Tonight, in a discussion, my husband said, “It doesn’t matter what I say, you always have to be right.”
Is that true? Do other people feel that way? Have I alienated people because of my need to “be right?”
Today’s conversation was about walking the dog. He got out his jacket and made the comment “Guess I’ll go do my new job and walk the dog.” I said I don’t understand why I have to walk him twice and he only walks him once. His response was “He’s your dog.” To which I replied but you are the one who wanted to bring him here. (Long story short, we moved and left his two dogs with my dad but took this one with us. And my husband was the one who wanted this dog to come with us, day one.)
This is when he said, “It doesn’t matter what I say, you always have to be right.” It irritated me, but it made me think.
I can see where he gets the thought from because I do, almost always, have a retort when I feel like I’m being blamed for something. Tonight I felt like he was blaming me for having to walk the dog again. It’s a defense mechanism. I’ve done it my entire life. I’ve always had to reason out why something is the way it is. I work my way back through my thoughts to every event and statement that lead to where we are right now. And if I feel that I am not to blame, then I bring up the things that occurred that make me feel that way.

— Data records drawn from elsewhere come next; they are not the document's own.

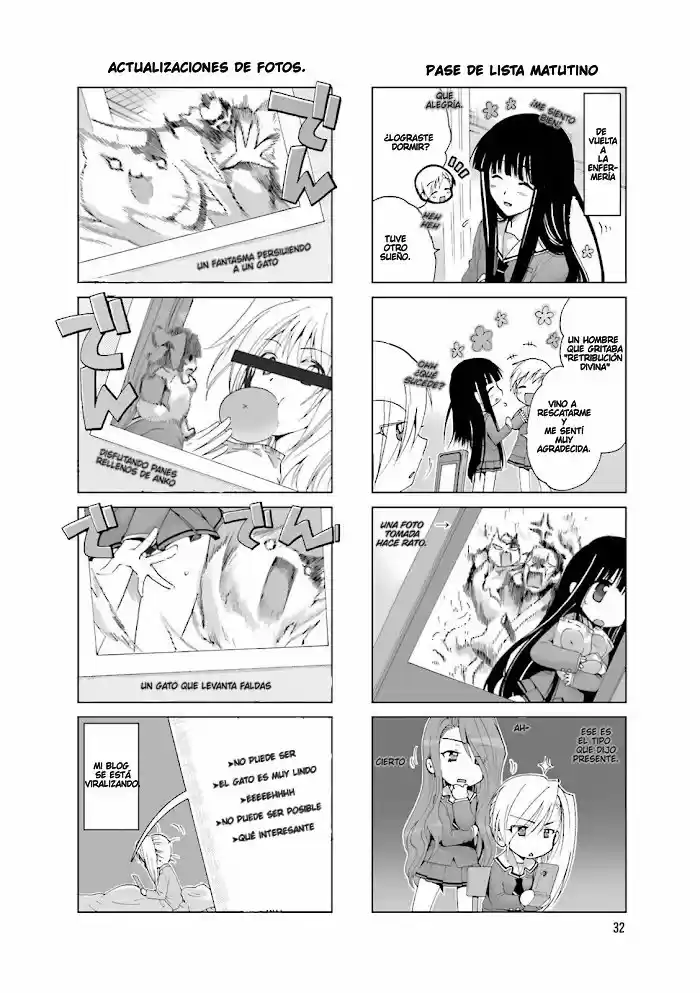 Re-Kan! capítulo 6, página 5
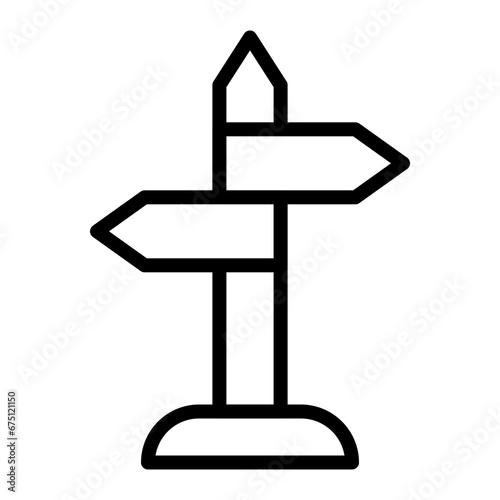Direction Icon Design
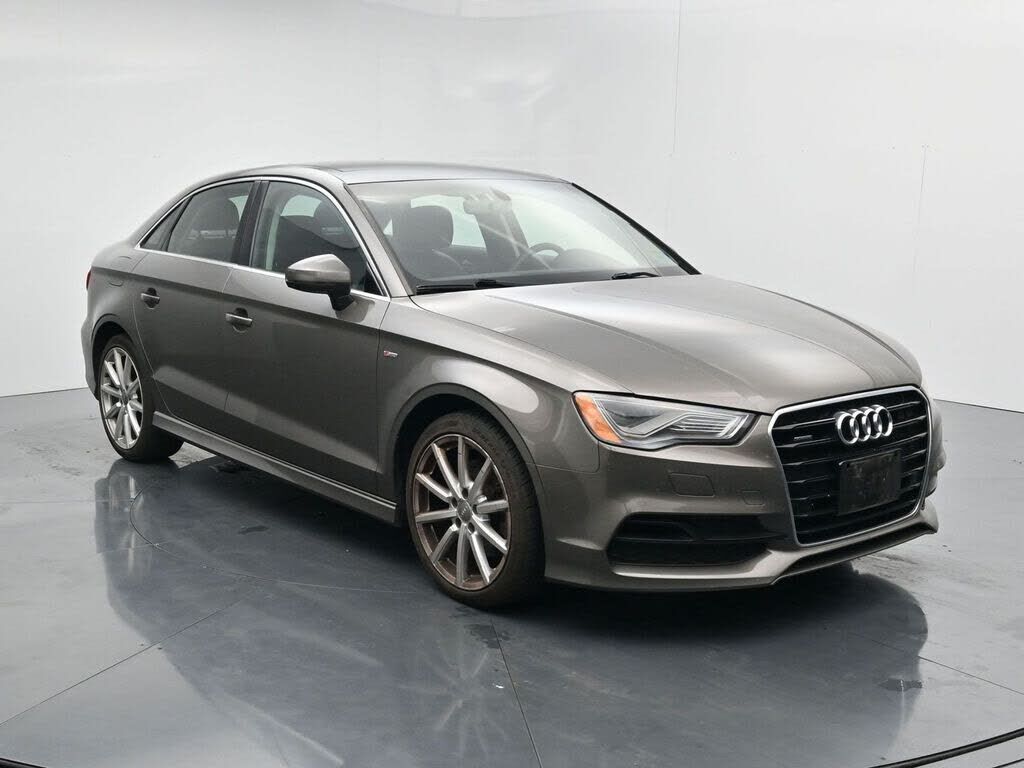 2016 Audi A3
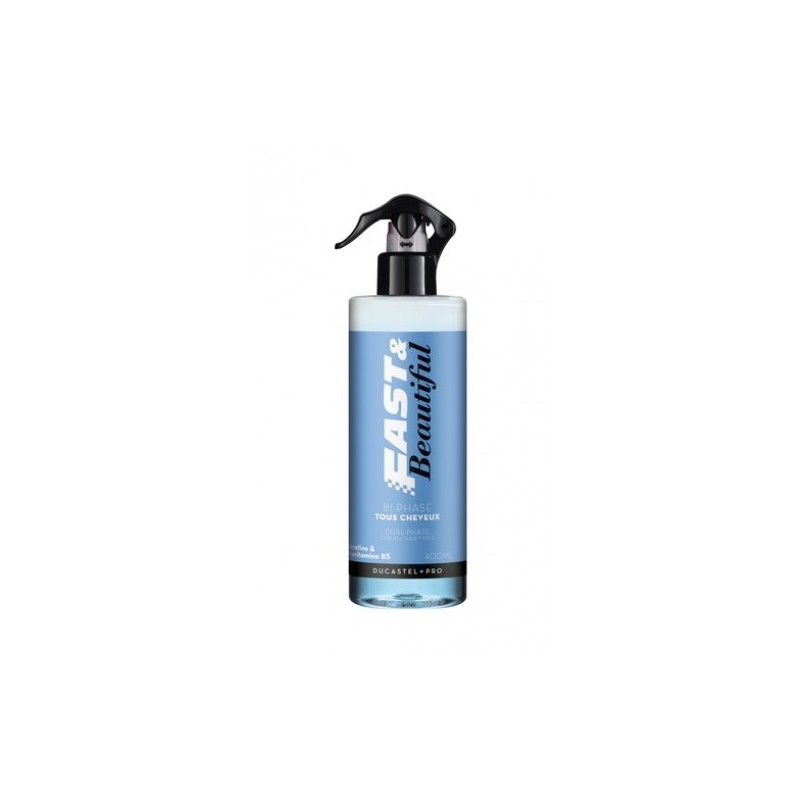 SPRAY BIPHASE FAST & BEAUTIFUL 400ML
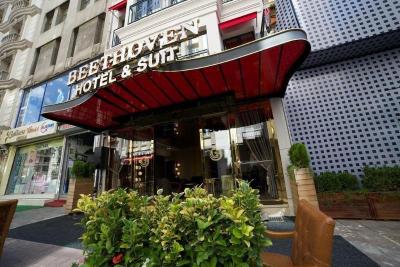 Beethoven Hotel & Suite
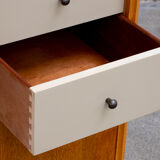 Vintage Scandinavian wardrobe by GPlan - E-Gomme 1960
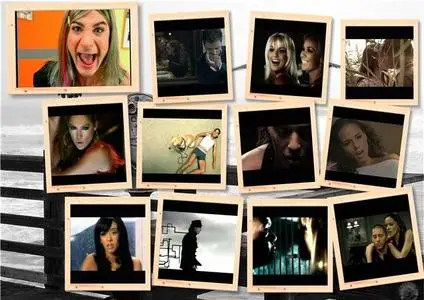 NRJ Video Hits Bonus (2008-2007) - Full DvD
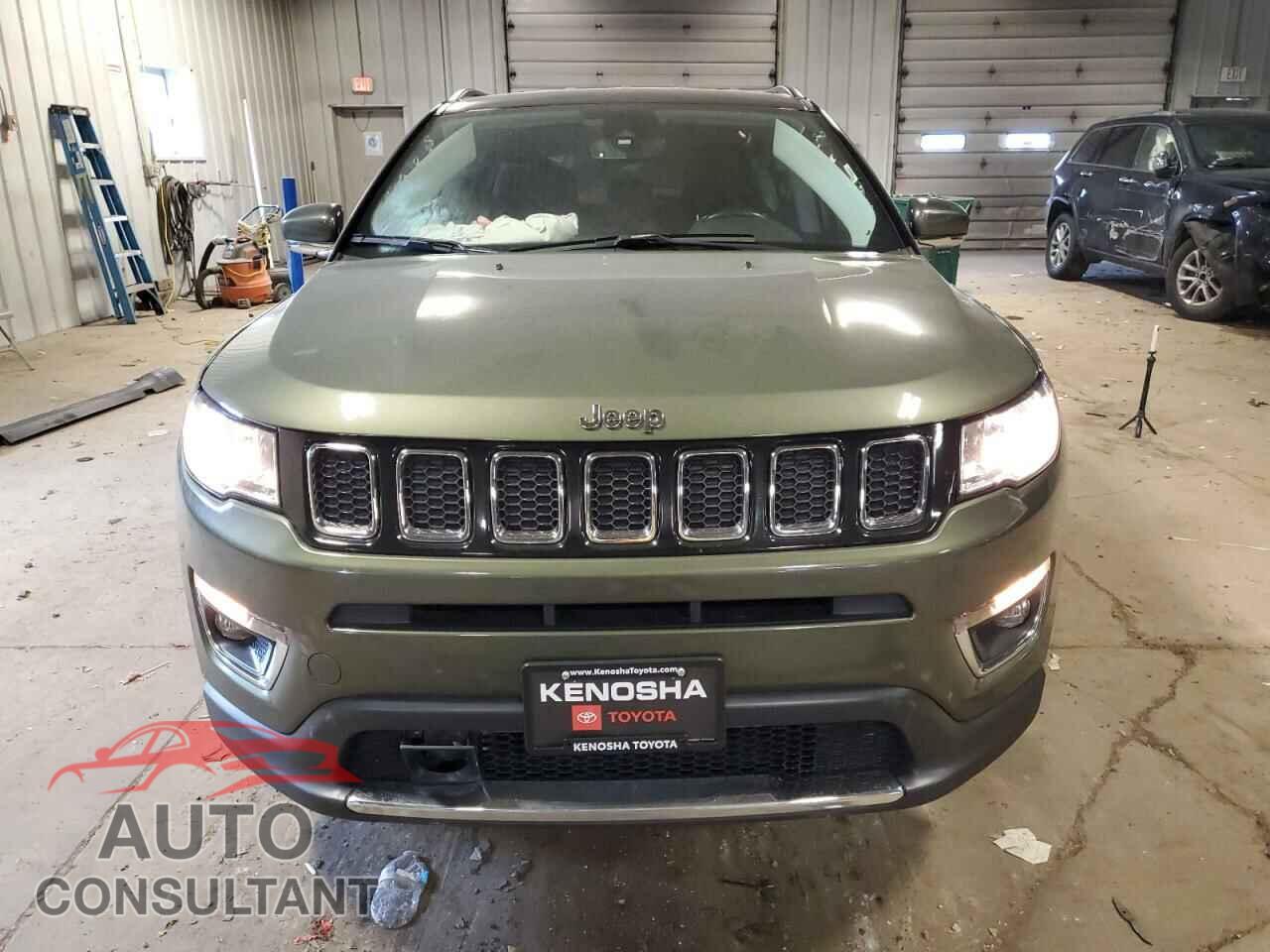 JEEP COMPASS 2021 - 3C4NJDCBXMT520660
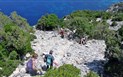 Pilates a výlety za poznáním východního pobřeží s Petrou - Trekking, Santa Maria Navarrese, Sardinie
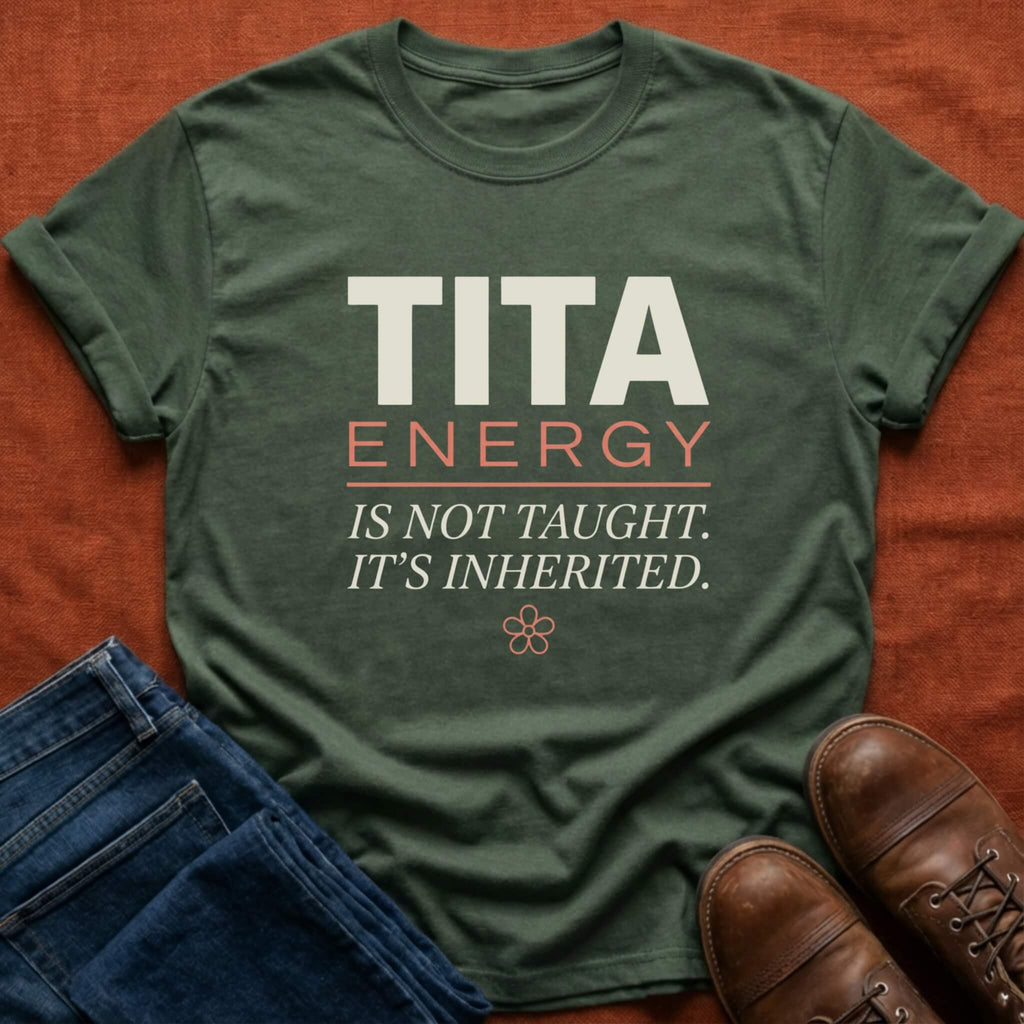 Tita Energy Inherited T-Shirt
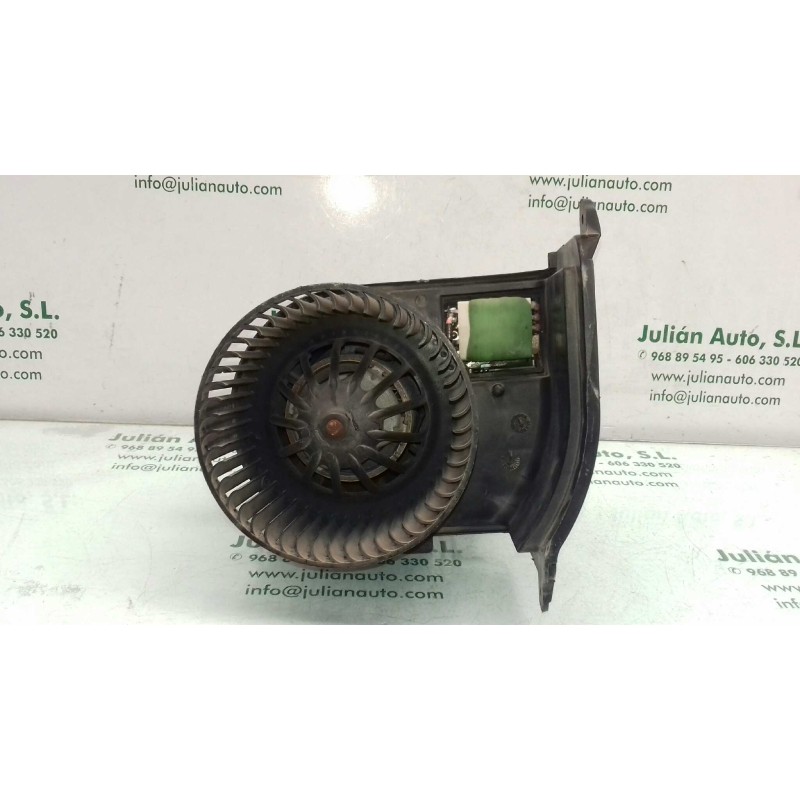 Recambio de ventilador calefaccion para renault kangoo (f/kc0) authentique referencia OEM IAM X65P664064N  VALEO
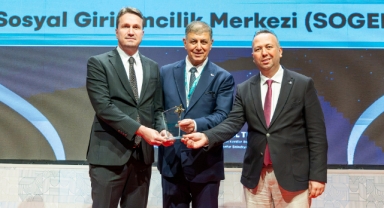 Büyükşehir’e Ulusal Düzeyde Bir Ödül Daha…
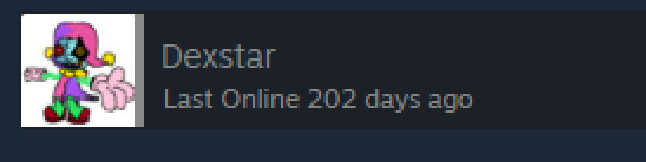 Dexstar_2418's tweet image. Come back bro....

#WeMissDexstar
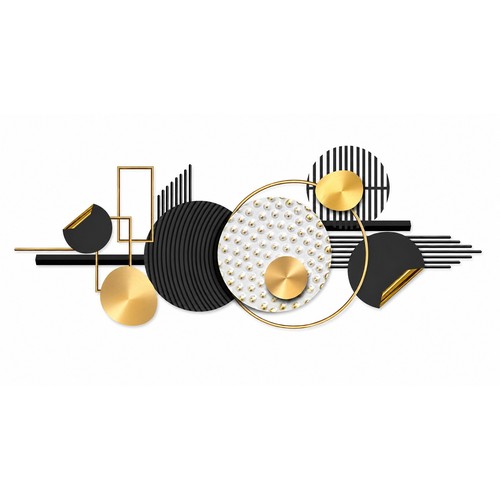 Luxury stereoscopic wrought - 3d,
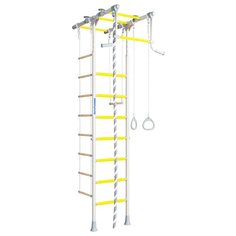 Шведская стенка ROMANA R1 белый прованс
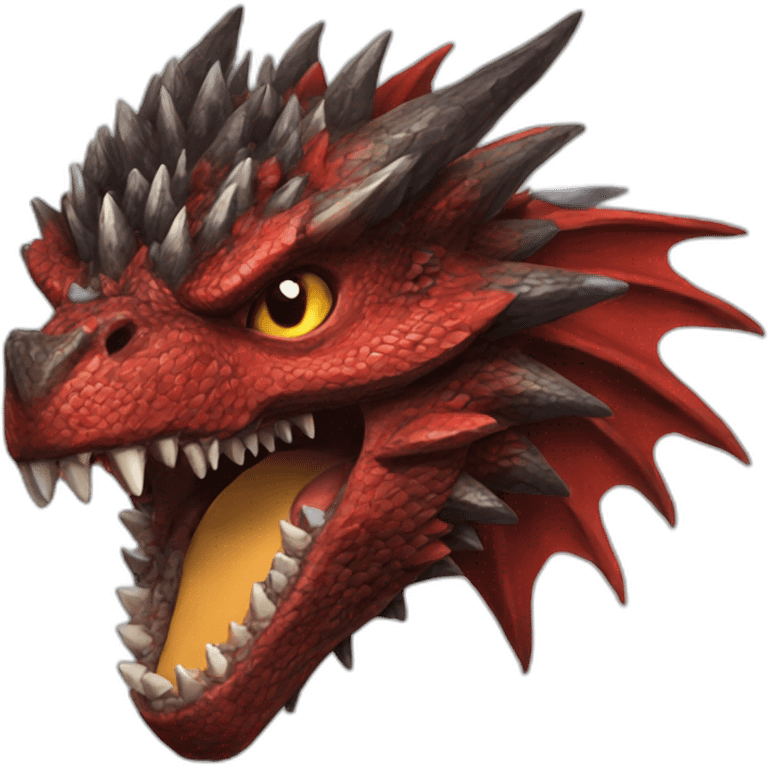 Rathalos emoji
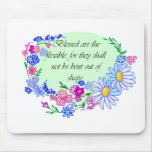 blessed 01 mouse mat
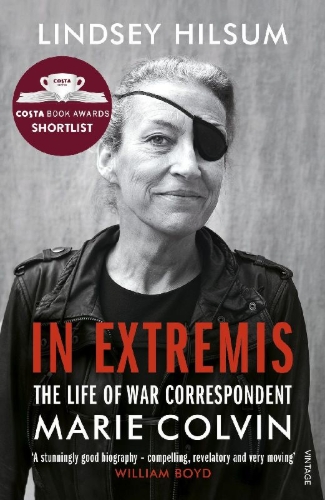 Buchcover und Innenansicht für das Buch: In Extremis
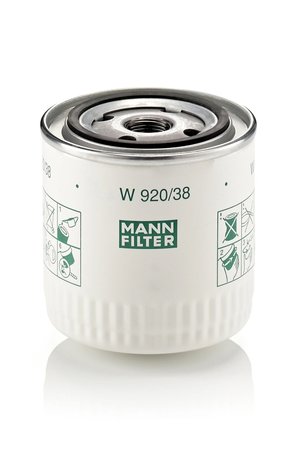 Filtru ulei Mann-Filter W 920/38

I grew up in a home that was full of turmoil as a child. I was constantly blamed for things or made to feel like I wasn’t good enough, like I hadn’t done a good enough job, like I needed to defend myself and the things that I’ve done. It’s ingrained in me now to do this. So it happens without me thinking about it.
How do I make him understand? How do I make others understand? I’m not saying anything is your fault. I’m just saying it isn’t mine either. When I do this, it’s because I feel attacked, even though when I replay that conversation a thousand time, I know that’s not what is being done. BUT it takes those thousand replays for me to realize this. I don’t know that I have the ability to not feel attacked in the moment.
The best I can do is to ask forgiveness for misreading the conversation. And hope that is enough.